The number of connected devices is expected to grow to 50 billion by the year 2020 and the volume of data set to exceed 35 zetabytes over the same period. Very large cyber-physical infrastructures are envisioned which will integrate multiple applications run by a variety of stakeholders within a shared fabric. Examples include future industrial environments, infrastructure monitoring technologies and intelligent transportation systems. In such contexts, thousands of nodes will be deployed and used by a large number of stakeholders to provide a multitude of services. Such shared fabrics will remain in operation for a long time (potentially decades) and the physical composition, the services provided and the stakeholders involved will change with time. This scale of future cyber-physical infrastructures and their dynamic nature in terms of stakeholders, services and physical properties over long time periods poses unique security and resilience challenges.

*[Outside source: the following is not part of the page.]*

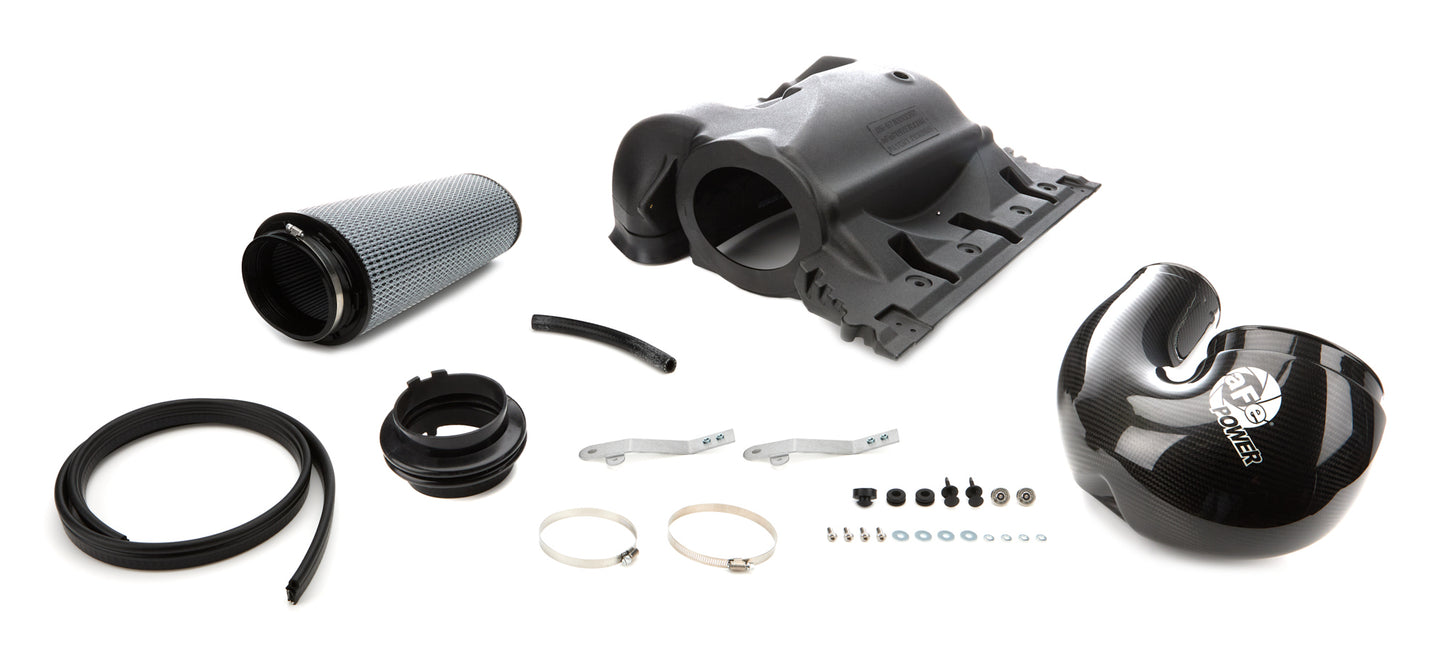 Afe Power 21- Ram 1500 TRX 6.2L Cold Air Intake System MPN AFE57-10022D For Dodge, Mopar Fullsize Truck RAM Gen III 2021-23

This one day workshop will bring together a community of researchers interested in this topic. We aim to bring together researchers working on security and dependability in areas such as embedded systems, industrial control and SCADA systems, critical infrastructure and IoT settings. The workshop is aimed as a “working” meeting and not a mini-conference. The attendees will be selected on the basis of short 4 page position papers describing work in progress or “ideas papers”. The papers will be reviewed by the organisers and external reviews sought where needed.
The workshop will also feature a Show your testbeds session where a few key testbeds on cyber physical infrastructures will be invited to present their facilities and the types of research being undertaken. A working session will focus on contrasting the testbed architectures and establishing best practice guidelines of developing such testbeds.